My hobbies are mostly connected with Nature. I plant trees and have already
a kind of my own park that goes smoothly over to forest. Among my secret passions
one of the strangest and strongest is the passion for faraway islands, e.g.
the sub-Antarctic islands in the Southern Seas as Falkland, Kerguelen or St.
Paul.
I have studied linguistics and philosophy. My favourite thinkers are Wittgenstein
and Zhuangzi, the Chinese Taoist classic. I think I have discovered a possible
link connecting both. The German writer and philosopher Fritz Mauthner knew
Zhuangzi in German translation, and liked him very much. Wittgenstein was influenced
by Mauthner.
I feel unhappy of the present situation of the Western mind. There is a strong
tendency to build a"Fortress Europe" (to a lesser degree a fortress
America) both in the political and spiritual sense. It means dividing the world
culture clearly into what is ours and what is alien. My favourite poets and
philosophers happen to be aliens in the present-day Europe. Thus I am more and
more an alien here too. I do probably not belong to Asia either, but tothe same
no man's land as the Far Eastern poets and thinkers I love.
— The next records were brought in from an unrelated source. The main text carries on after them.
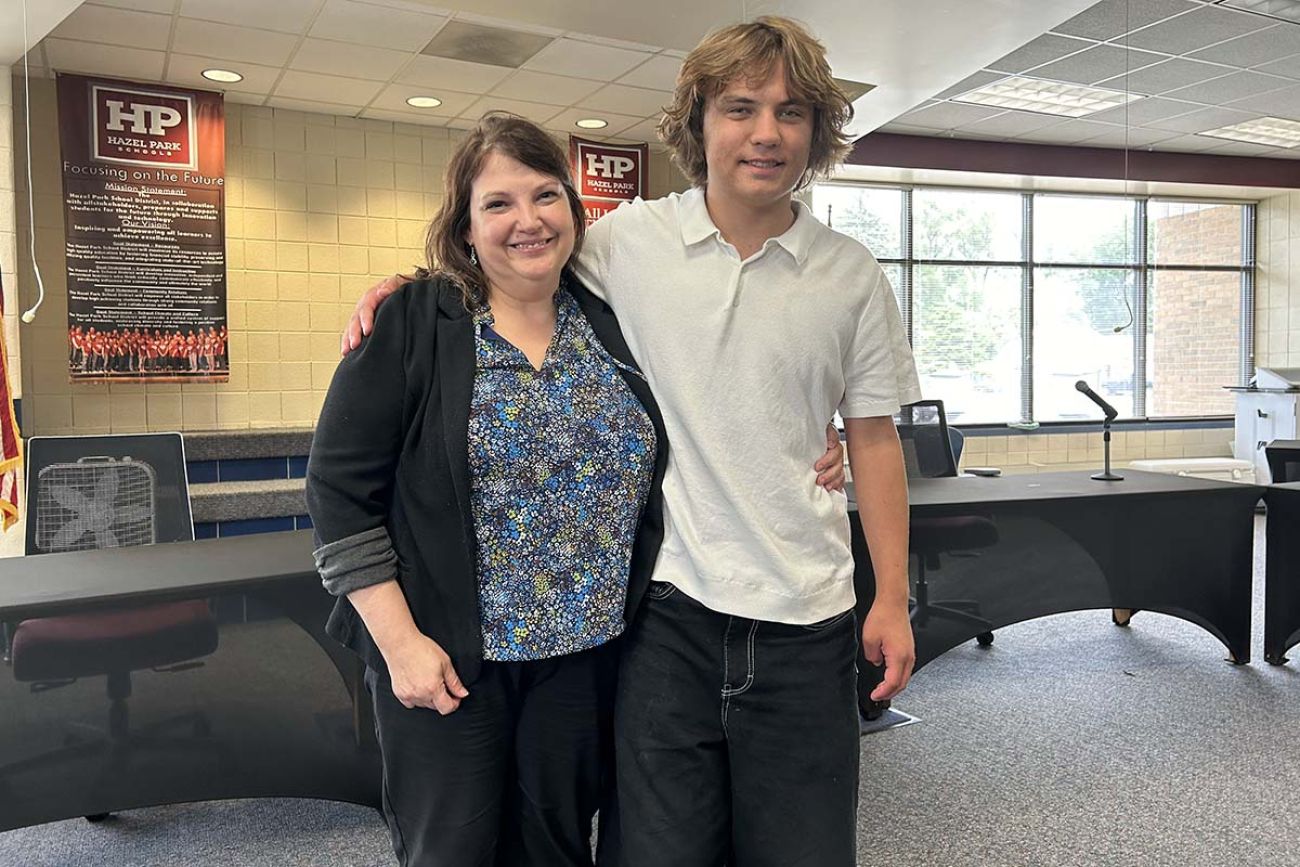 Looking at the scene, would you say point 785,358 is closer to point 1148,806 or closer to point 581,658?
point 581,658

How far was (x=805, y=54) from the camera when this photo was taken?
4.37ft

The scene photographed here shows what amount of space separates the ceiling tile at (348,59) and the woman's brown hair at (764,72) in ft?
14.4

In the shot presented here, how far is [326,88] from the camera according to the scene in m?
5.90

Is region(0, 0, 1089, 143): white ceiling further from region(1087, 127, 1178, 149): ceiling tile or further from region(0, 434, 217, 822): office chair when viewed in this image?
region(1087, 127, 1178, 149): ceiling tile

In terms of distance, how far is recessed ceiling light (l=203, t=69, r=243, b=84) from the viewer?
5508 millimetres

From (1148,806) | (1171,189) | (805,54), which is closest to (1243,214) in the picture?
(1171,189)

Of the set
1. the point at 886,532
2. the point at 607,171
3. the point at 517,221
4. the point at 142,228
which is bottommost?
the point at 886,532

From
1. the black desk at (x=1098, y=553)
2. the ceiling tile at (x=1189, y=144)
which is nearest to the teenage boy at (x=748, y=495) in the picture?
the black desk at (x=1098, y=553)

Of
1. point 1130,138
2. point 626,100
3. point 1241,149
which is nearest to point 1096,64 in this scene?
point 1130,138

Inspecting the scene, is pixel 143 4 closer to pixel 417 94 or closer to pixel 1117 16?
pixel 417 94

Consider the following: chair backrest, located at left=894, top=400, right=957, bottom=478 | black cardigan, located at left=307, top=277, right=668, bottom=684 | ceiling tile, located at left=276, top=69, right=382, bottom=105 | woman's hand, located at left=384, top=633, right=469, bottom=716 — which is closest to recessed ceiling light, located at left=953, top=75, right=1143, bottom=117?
chair backrest, located at left=894, top=400, right=957, bottom=478

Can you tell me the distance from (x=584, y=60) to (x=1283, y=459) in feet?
16.7

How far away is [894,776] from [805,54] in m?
2.28

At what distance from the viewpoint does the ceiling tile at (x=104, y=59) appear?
5.09 meters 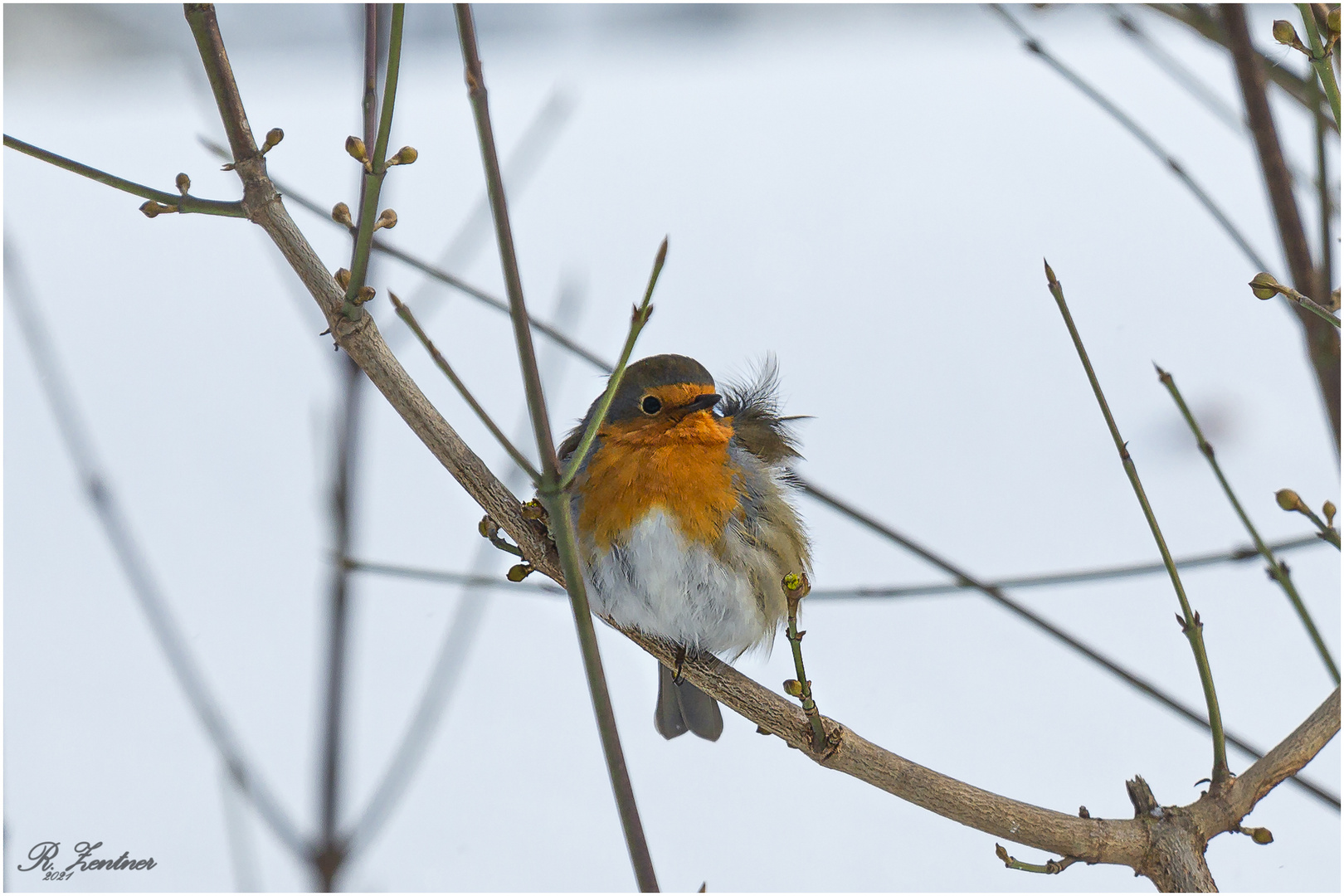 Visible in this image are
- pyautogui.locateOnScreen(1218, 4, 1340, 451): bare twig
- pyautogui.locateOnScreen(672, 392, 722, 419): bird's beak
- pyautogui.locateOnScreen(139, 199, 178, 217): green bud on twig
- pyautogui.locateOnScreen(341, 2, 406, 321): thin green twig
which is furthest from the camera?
pyautogui.locateOnScreen(672, 392, 722, 419): bird's beak

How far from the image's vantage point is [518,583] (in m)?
1.79

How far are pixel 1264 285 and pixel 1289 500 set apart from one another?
1.06 ft

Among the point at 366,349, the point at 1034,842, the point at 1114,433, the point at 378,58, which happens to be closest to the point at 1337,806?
the point at 1034,842

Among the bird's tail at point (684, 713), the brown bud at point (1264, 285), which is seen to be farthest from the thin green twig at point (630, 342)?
the bird's tail at point (684, 713)

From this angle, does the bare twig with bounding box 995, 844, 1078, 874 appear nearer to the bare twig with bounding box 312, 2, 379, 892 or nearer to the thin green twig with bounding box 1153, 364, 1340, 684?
the thin green twig with bounding box 1153, 364, 1340, 684

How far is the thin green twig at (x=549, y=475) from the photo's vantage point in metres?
0.87

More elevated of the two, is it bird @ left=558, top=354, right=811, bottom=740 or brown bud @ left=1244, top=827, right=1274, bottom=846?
bird @ left=558, top=354, right=811, bottom=740

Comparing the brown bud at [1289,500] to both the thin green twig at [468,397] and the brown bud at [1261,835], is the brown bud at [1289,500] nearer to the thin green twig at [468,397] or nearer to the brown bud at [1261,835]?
the brown bud at [1261,835]

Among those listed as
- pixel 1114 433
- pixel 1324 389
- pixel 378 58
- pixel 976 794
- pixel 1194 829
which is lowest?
pixel 1194 829

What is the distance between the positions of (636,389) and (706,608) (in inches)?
18.9

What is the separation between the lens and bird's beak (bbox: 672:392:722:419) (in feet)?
6.79

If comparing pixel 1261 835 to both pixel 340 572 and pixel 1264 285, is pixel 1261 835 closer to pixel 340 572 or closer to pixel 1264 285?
pixel 1264 285

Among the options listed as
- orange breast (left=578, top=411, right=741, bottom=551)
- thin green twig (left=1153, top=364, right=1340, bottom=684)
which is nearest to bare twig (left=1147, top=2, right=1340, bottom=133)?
thin green twig (left=1153, top=364, right=1340, bottom=684)

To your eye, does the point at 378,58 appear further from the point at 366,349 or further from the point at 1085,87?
the point at 1085,87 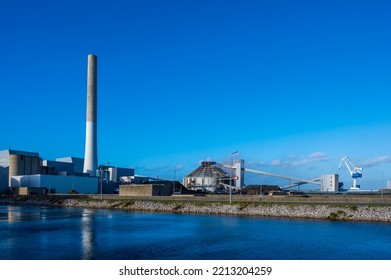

I feel the curse of the Western mind is its tendency to think in words and see
the world as a world of defined meanings. Its belief in definitions that means
borderlines - defining is drawing borders. But in the real world there are not
many hings, emotions and meanings clearly divided by borderlines.Defining the
living world is violence, is a kind of a rape, butcher's not philosopher's or
poet's work. There are differences, but difference is not necessarily borderline.
There is difference between warm and cold, light and darkness, youth and old
age, small and big, flower and grass, man and animal. But these differences
are mostly gradual, there are no borderlines. There are many differences in
my life, but not so many borderlines.
I do not define myself. Defining a human being - this is what the
Inquisition did. Definition IS inquisition. I have the feeling - perhaps
I am not right - that in the Far East you hadn't to define yourself. You had
to fulfill your duties, but in your heart you were free, what you had in your
heart was free as light, as darkness, as wind that comes and goes. This is my
freedom. The freedom of somebody who loves to observe and to photograph floating
clouds and little fish swimming in our pond.
Two years ago, in spring I met two cranes close to my country home. They had
spring in their hearts, making movements of dance. I greeted them with a Buddhist
bow. They didn't fly away. One of them answered to my greeting with a similar
bow.I made some dance movements, swaying my hands as wings. They answered. I
was really happy. I had the feeling that Nature had accepted me as one of its
lost sons. When Kazuko Shiraishi called me once from Japan, telling me she was
writing an essay on my poetry, I had a similar feeling. Is it Asia that has
accepted me, answered to my bow?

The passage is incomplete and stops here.